### EXERCISE BRIEF
Could you write out, exactly, every line from the top of the data through the line holding "In certain plants, many"? Omit the pictures.

### GIVEN DATA
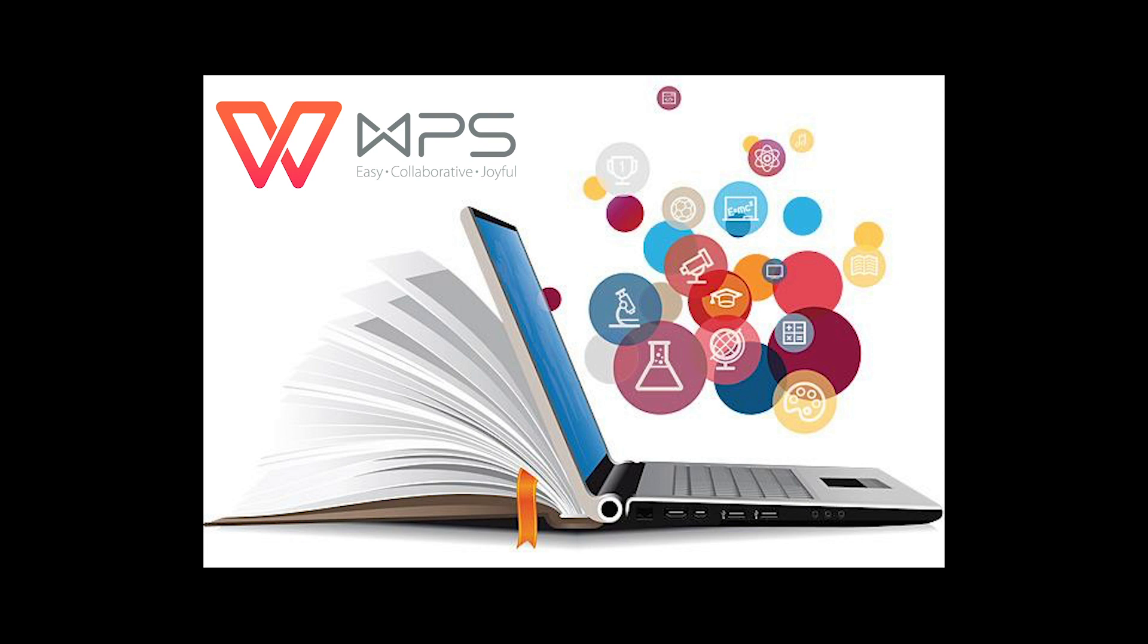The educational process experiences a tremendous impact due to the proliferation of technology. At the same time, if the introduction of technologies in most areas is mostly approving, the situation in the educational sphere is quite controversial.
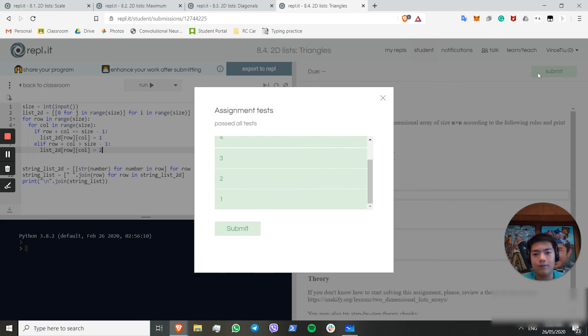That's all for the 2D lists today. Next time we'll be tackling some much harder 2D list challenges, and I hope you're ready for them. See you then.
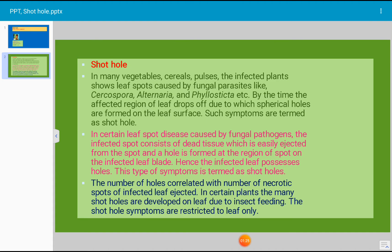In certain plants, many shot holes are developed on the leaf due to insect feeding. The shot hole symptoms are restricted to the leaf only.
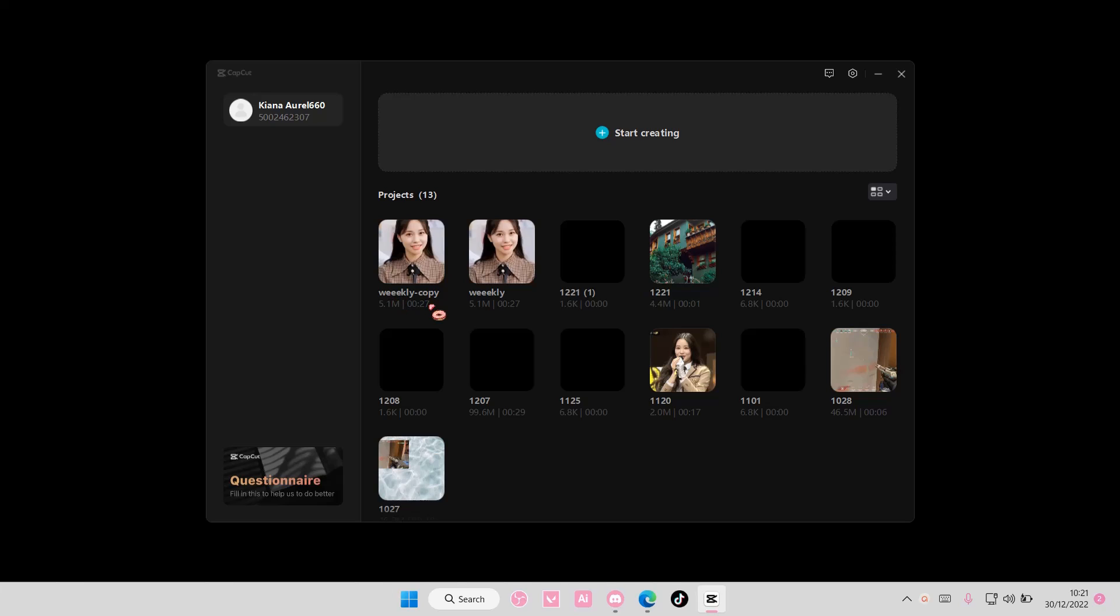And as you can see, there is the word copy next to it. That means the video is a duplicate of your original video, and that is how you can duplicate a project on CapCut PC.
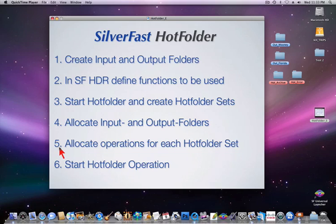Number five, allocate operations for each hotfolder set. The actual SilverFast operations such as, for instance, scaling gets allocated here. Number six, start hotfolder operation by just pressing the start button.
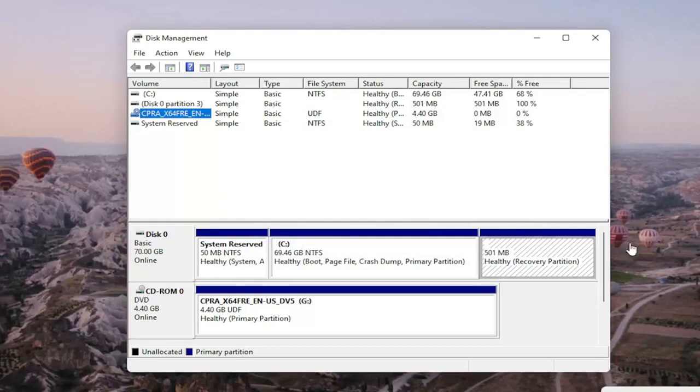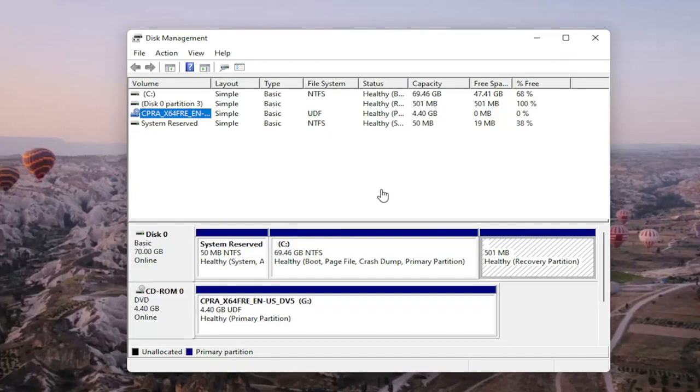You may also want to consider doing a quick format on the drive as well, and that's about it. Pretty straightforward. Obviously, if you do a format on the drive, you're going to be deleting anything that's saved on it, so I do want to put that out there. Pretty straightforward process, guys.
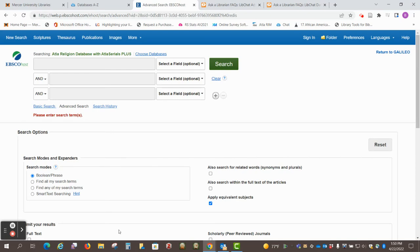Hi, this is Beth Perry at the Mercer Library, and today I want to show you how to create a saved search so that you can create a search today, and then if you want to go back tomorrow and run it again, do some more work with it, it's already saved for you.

### OUTPUT BELOW
The educational process experiences a tremendous impact due to the proliferation of technology. At the same time, if the introduction of technologies in most areas is mostly approving, the situation in the educational sphere is quite controversial.
That's all for the 2D lists today. Next time we'll be tackling some much harder 2D list challenges, and I hope you're ready for them. See you then.
In certain plants, many shot holes are developed on the leaf due to insect feeding. The shot hole symptoms are restricted to the leaf only.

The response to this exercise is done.